Depois de nos primeiros anos do século XX ter sido um dos países mais prósperos do mundo, seguiram-se novos defaults em 1951 e em 1956, após a queda de Juan Peron, num período marcado por forte instabilidade política. Depois novamente em 1989, 2001, 2014 e, por fim, em maio de 2020, quando falhou o pagamento de 500 milhões de dólares em juros.
A relação tumultuosa com os credores significa uma relação próxima com o FMI, como acontece atualmente. Em outubro, o fundo autorizou mais 3,8 mil milhões de dólares em financiamento de um pacote total de 44 mil milhões para tentar que o país volte a pôr-se de pé. O cheque veio com elogios ao Governo do presidente Alberto Fernández, do Partido Justicialista, uma força política peronista que em outubro de 2019 bateu Mauricio Macri, do centro-direita. Trazia também alguns recados.

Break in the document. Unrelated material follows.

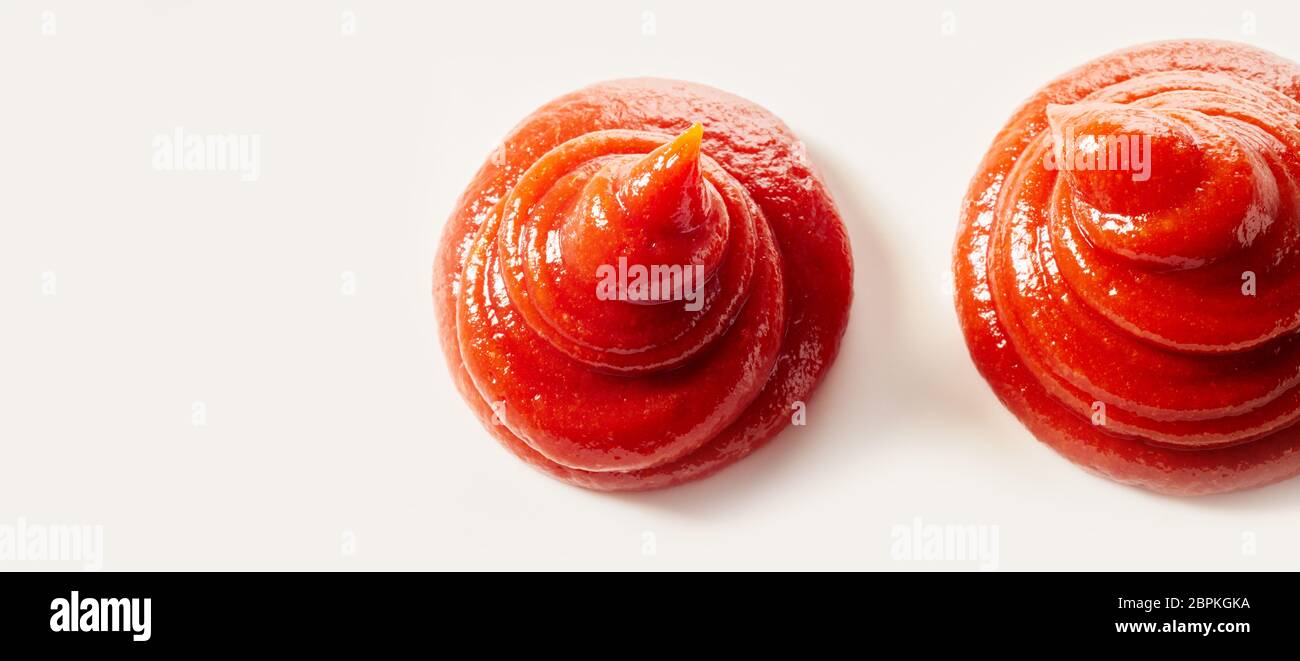 Two swirls of fresh homemade tomato sauce, catsup or ketchup isolated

“Em resposta às perturbações do mercado de meados de 2022, a nova equipa económica da Argentina adotou medidas corretivas decisivas que estão a começar a restaurar a confiança e a credibilidade das políticas”, afirmou a diretora-geral do FMI, Kristalina Georgieva, no comunicado do fundo. Mas acrescentava: “Políticas macroeconómicas prudentes e a implementação firme do programa serão necessárias para abordar a situação ainda frágil, fortalecer a estabilidade e cumprir os objetivos”.
Depois de um défice de 4,5% do PIB em 2021, o resgate do FMI obriga a que o saldo orçamental primário desça para -2,5% em 2022 e 1,9% no ano seguinte. Um passo crítico para moderar “o crescimento das importações, acumular reservas, fortalecer a sustentabilidade da dívida e continuar a reduzir a dependência do banco central no financiamento do défice”, sublinha Kristalina Georgieva. A dívida em percentagem do PIB, que rondou os 80% em 2021, deverá recuar para os 76% este ano.

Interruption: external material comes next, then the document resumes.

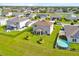 Aerial view of backyard featuring a pool in a residential community at 356 Quarry Rock Cir, Kissimmee, FL 34758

Como sempre, há uma lista grande de reformas pedidas ao país, como a melhoria da gestão das finanças públicas ou das reservas do banco central, uma maior eficiência na atribuição de subsídios sociais, medidas para o combate à evasão fiscal e branqueamento de capitais. O contexto económico internacional não ajuda, mas o doméstico também apresenta vários riscos.
“A persistência de uma inflação elevada e baixo crescimento pode exacerbar o descontentamento social e enfraquecer o apoio político ao programa”, alerta o FMI. “Estes riscos podem aumentar até às eleições presidenciais de outubro de 2023, se a despesa e a pressão sobre os salários se intensificar e surgirem dificuldades na implementação das reformas na assistência social”, acrescenta.
A vitória no Mundial do Qatar vem dar um ânimo acrescido aos argentinos e pode até beneficiar a Argentina. Segundo um estudo do economista Marco Mello, da Universidade de Surrey, o campeão tende a registar um crescimento acrescido de 0,25 pontos nos dois trimestres seguintes. O que resulta sobretudo do impulso às exportações dado pela maior visibilidade do país e apelo dos produtos nacionais no mercado internacional.
Uma previsão que pouco dirá ao povo argentino, comprimido entre a hiperinflação, as exigências do FMI e um país politicamente fraturado. A obra de Messi e dos seus companheiros permitiu esquecer tudo isto, mesmo por um momento fugaz. “Um dia em estado de graça. Era tudo o que pedíamos. Aconteceu. Merecíamos”, escreveu Pablo Vaca no Clarín.